# SOURCE DATA:

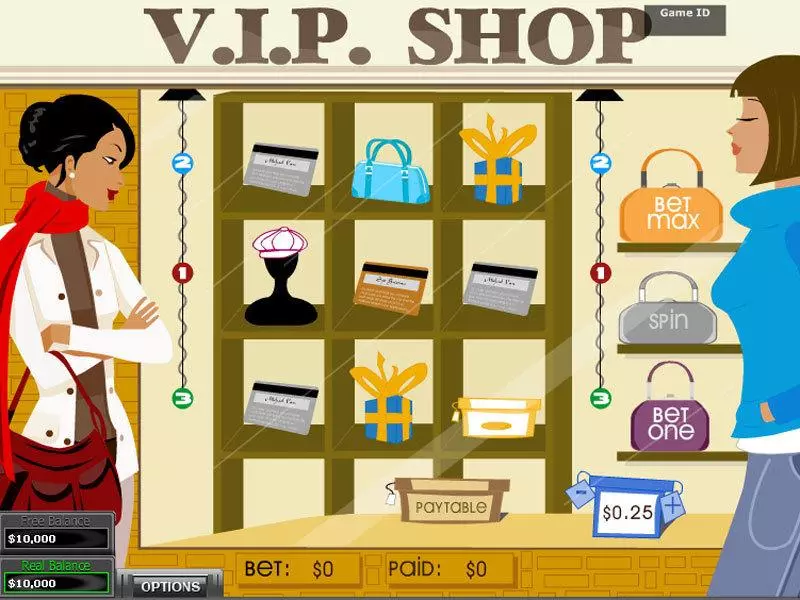 Main Screen Reels - DGS VIP Shop Slot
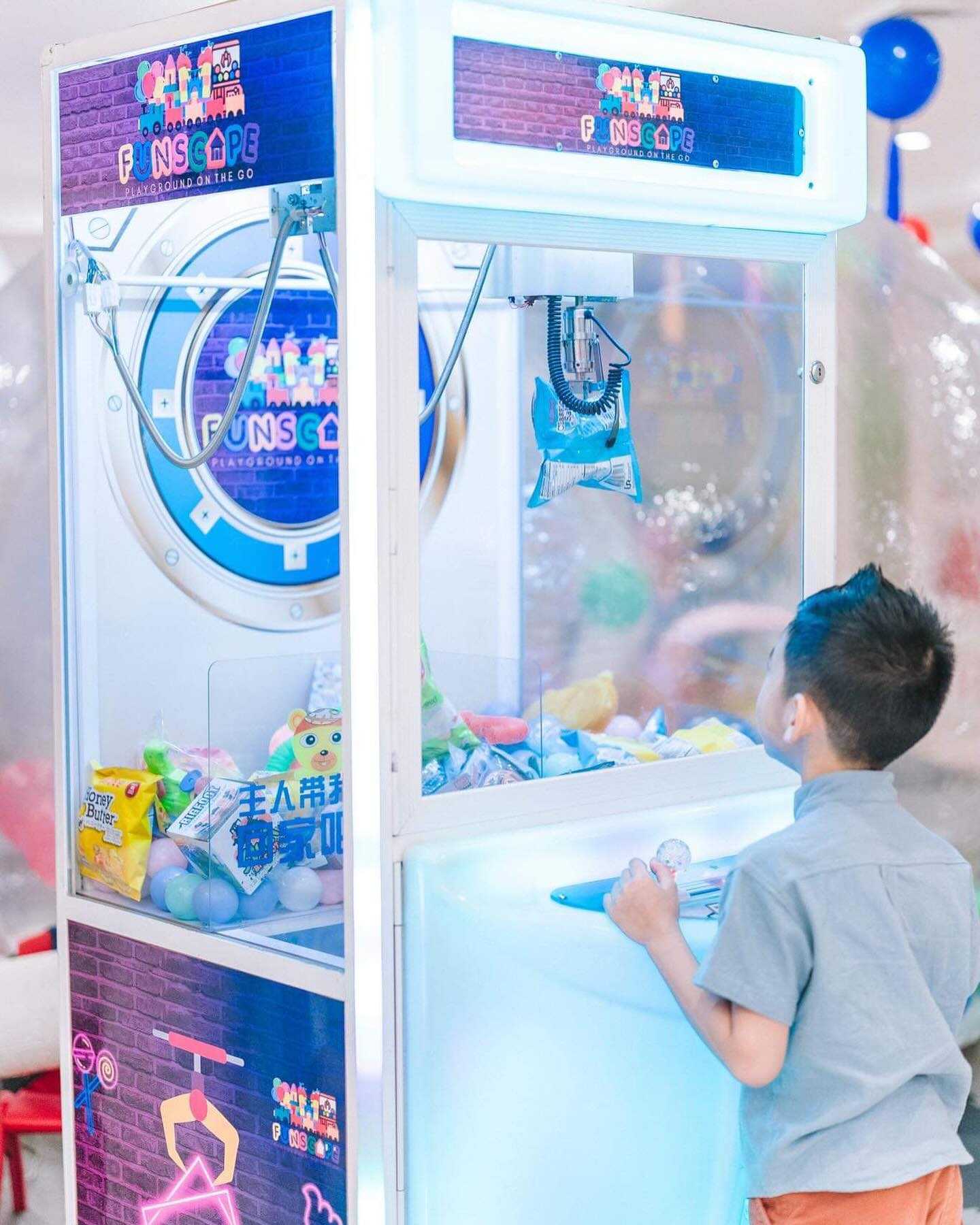 Imagine having Funscape... - Funscape Mobile Playground CDO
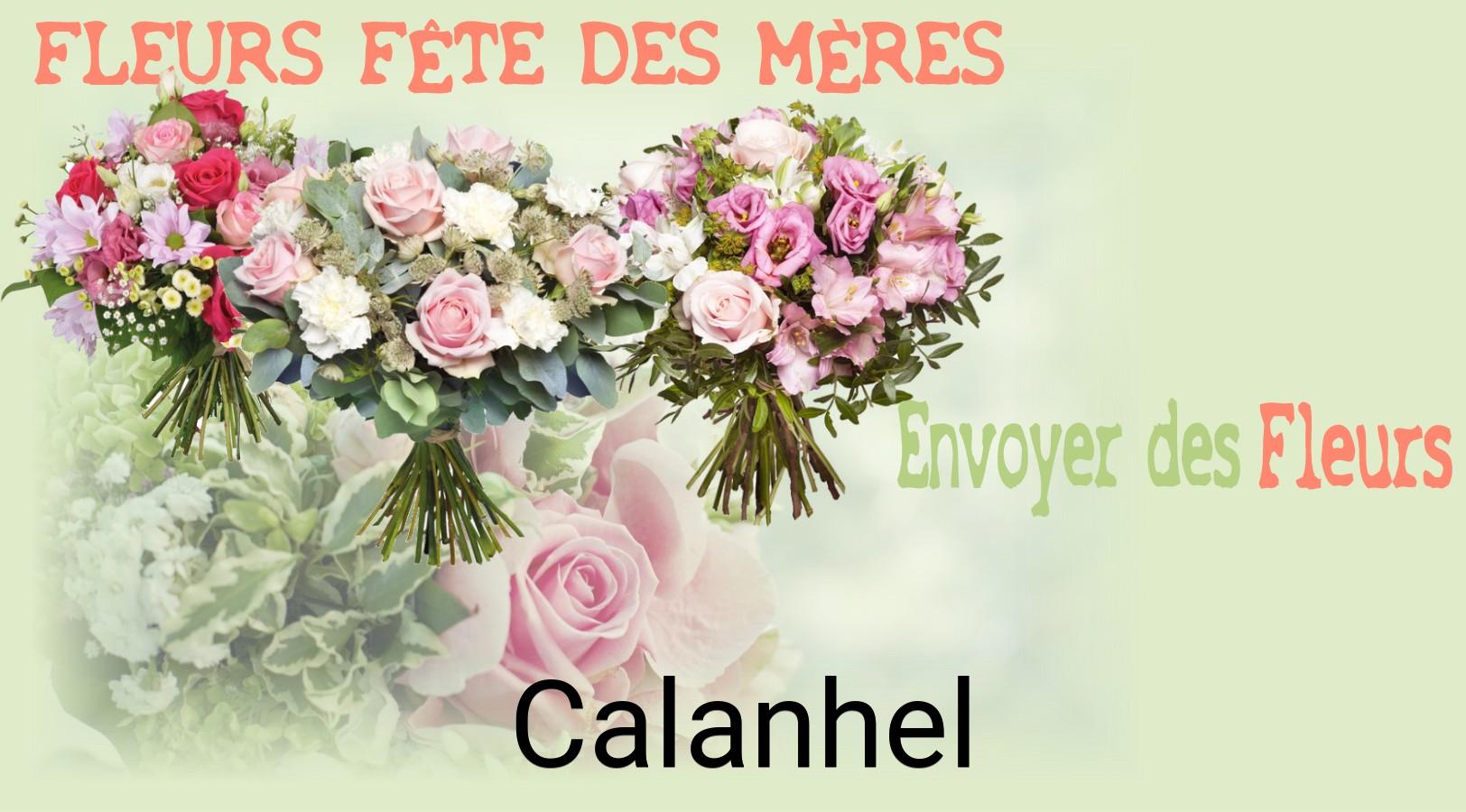 Bouquet de Fête des Mères livré à Calanhel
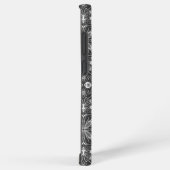 Bugs, schwarz, ganz weiß samsung galaxy hülle (Rechte Seite)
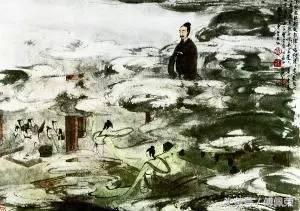 老子成仙图,老子成仙传说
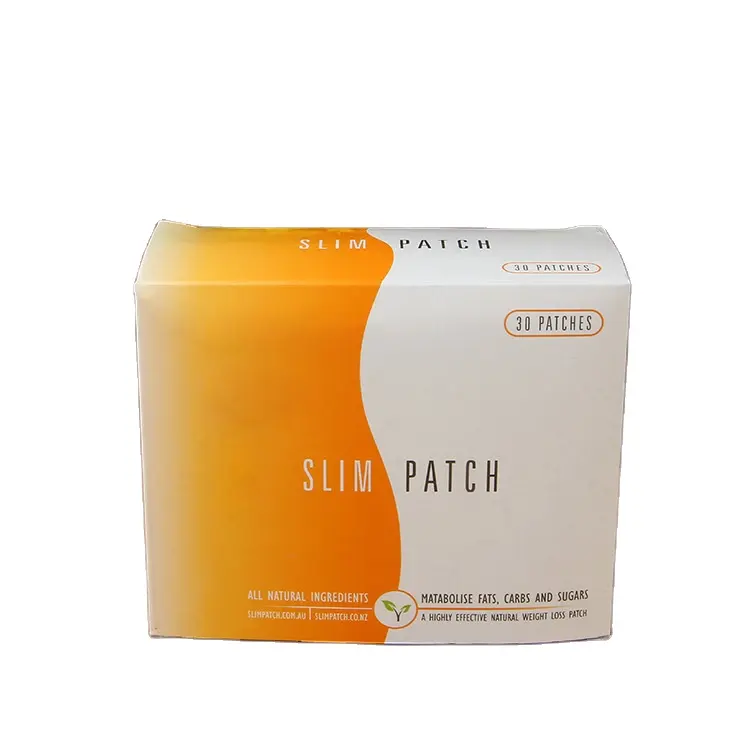 Hot sale free sample detox and slimming patch weight loss patch slim patch pads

# WORK TO COMPLETE:
Each record must appear again exactly as written above, without its pictures.

# RESULT OF THE EXERCISE:
 Main Screen Reels - DGS VIP Shop Slot
 Imagine having Funscape... - Funscape Mobile Playground CDO
 Bouquet de Fête des Mères livré à Calanhel
 Bugs, schwarz, ganz weiß samsung galaxy hülle (Rechte Seite)
 老子成仙图,老子成仙传说
 Hot sale free sample detox and slimming patch weight loss patch slim patch pads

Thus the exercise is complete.